11h00 Enhancing Performance of Lexicalised Grammars: A Case Study with a German HPSG Grammar
Kostadin Cholakov (Saarbruecken) abstract
In this presentation we discuss linguistically oriented and motivated machine learning methods whose aim is to improve robustness of lexicalised grammars in real life applications. We use efficient error mining techniques to show clearly that the main hindrance to the robustness of systems using grammars like the aforementioned ones is low lexical coverage. To this effect, we develop linguistically-driven methods that use detailed morphosyntactic information to automatically improve the lexical coverage of such grammars maintaining their linguistic quality.We demonstrate these methods in a case study with a German grammar, developed within the framework of HPSG, and prove their efficiency and usability by applying them on real-life test data.
11h30 Mining Multiword Units for Performance Improvement of Lexicalised Grammars
Valia Kordoni (Saarbruecken) abstract
In the first part of the talk I focus on the linguistic properties of Multiword Expressions (MWEs), taking a closer look at their lexical, syntactic, as well as semantic characteristics. In the second part of the talk I focus on methods for the automatic acquisition of MWEs for robust grammar engineering. First I investigate the hypothesis that MWEs can be detected by the distinct statistical properties of their component words, regardless of their type, comparing various statistical measures, a procedure which leads to extremely interesting conclusions. I then investigate the influence of the size and quality of different corpora, using the BNC and the Web search engines Google and Yahoo. I conclude that, in terms of language usage, web generated corpora are fairly similar to more carefully built corpora, like the BNC, indicating that the lack of control and balance of these corpora are probably compensated by their size. Finally, I show a qualitative evaluation of the results of automatically adding extracted MWEs to existing linguistic resources. I argue that the process of the automatic addition of extracted MWEs to existing linguistic resources improves qualitatively, if a more compositional approach to the grammar/lexicon automated extension is adopted.
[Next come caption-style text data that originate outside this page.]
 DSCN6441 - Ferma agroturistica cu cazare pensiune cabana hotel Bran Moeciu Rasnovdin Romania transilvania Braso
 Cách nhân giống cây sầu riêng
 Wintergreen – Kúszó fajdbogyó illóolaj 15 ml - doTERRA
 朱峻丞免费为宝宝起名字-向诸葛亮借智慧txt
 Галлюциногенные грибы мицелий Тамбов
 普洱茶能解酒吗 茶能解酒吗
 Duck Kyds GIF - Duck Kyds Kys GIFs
12h00 Test Suite Generation
Sylvain Schmitz (TALARIS) abstract
Just like other error mining techniques, mining for over-generation issues in a grammar requires a test suite in order to detect failures. We present work in progress that aims to generate such a test suite directly from the grammar, in order to explore its quirks and corner cases in an orderly manner.
12h30 Lunch
Semantic and Inference 14h00 Relating Nessie and Abstract Categorial Grammars
Sebastien Hinderer abstract
Nessie is a tool that computes semantic representations for complx syntactic units. It does so thanks to a lexicon that stores representations of words (described by lambda-terms) and an abstract syntax tree that guides the semantic construction process. Abstract Categorial Grammars (ACGs), on the other hand, are an abstracon of the syntax-semantics interface. They allow one to map a syntactic structure to a semantic representation. We will introduce these two notions and list some properties of ACGs explaining why they are interesting. The heart of the presentation will consist in showing that the languages Nessie can recognize are exactly those recognized by an ACG of order 2. We will conclude by deducing some interesting properties this result confers to Nessie.
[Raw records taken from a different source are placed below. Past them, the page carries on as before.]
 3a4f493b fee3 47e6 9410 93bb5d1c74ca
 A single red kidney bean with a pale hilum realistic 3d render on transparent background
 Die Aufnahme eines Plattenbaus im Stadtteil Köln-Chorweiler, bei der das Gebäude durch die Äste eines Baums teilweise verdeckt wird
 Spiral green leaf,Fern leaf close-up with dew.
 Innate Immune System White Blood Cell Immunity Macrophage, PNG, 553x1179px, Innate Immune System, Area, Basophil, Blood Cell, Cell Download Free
14h30 Rewriting and Recognising Textual Entailment
Paul Bedaride
15h00 Tacit sensing in situated dialogue
Luciana Benotti abstract
When interlocutors are engaged in situated dialogue, their informational states evolve not only through dialogue acts but also through physical and sensing acts. All these acts can be performed either explicitly or tacitly during the interaction. However, even when acts are performed tacitly, often their execution can be inferred from subsequent acts. I present a model for the inference of tacit sensing acts in a non-traditional conversational system (a text-adventure game) using a non-traditional automated planner (an Artificial Intelligence planning system that is able to find plans when knowledge is incomplete).
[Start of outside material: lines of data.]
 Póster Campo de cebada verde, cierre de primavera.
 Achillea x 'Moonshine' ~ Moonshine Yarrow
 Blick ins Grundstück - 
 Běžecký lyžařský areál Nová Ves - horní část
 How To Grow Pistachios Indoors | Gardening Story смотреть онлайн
15h30 Clause type identification vs. information packaging
Corinna Anderson abstract
This talk will explore the connections between the obligatory marking of clause types in natural language for interpretation (i.e. declarative, relative, interrogative, etc), and discourse-based variation in constituent order that does not affect the semantic content or type (i.e. information packaging). Most of the data will come from Nepali, an Indo-Aryan (Indo-European) language in which interrogative and relative clauses are marked independently (in both morphology and syntax), and all types of "wh-movement" appear to be optional. Finite interrogative and relative clauses in Nepali are distinguished by the type of "wh-phrase" that appears within the clause, and by the typical behavior of this element. The basic generalizations apply to a wide range of unrelated languages with similar properties, which would benefit from a common analysis. I propose that the lack of parallelism between relative and interrogative clauses in such languages can be straightforwardly explained by considering questions of information packaging (Topic and Focus, in particular) alongside syntactic requirements.
16h00 Break
Carl Pollard

Thursday 26th June:

Tree-Adjoining Grammars 9h00 Introducing GerTT, a young TT-MCTAG for German
Laura Kallmeyer, Timm Lichte (Tuebingen) abstract
GerTT is a TAG-based grammar for German, that is currently being implemented using an extension of multicomponent TAG (MCTAG), called TT-MCTAG (MCTAG with shared nodes and tree tuples). In our talk, we will motivate this formalism of choice and sketch the analyses of several aspects of German syntax. In particular, we will concentrate on coherent constructions and scrambling and on complementation. We will also point out some limitations of these analyses. Furthermore, the integration of lexical ressources will also be considered. Finally, we will mention the undespecified semantics for semantic processing, that is included in GerTT.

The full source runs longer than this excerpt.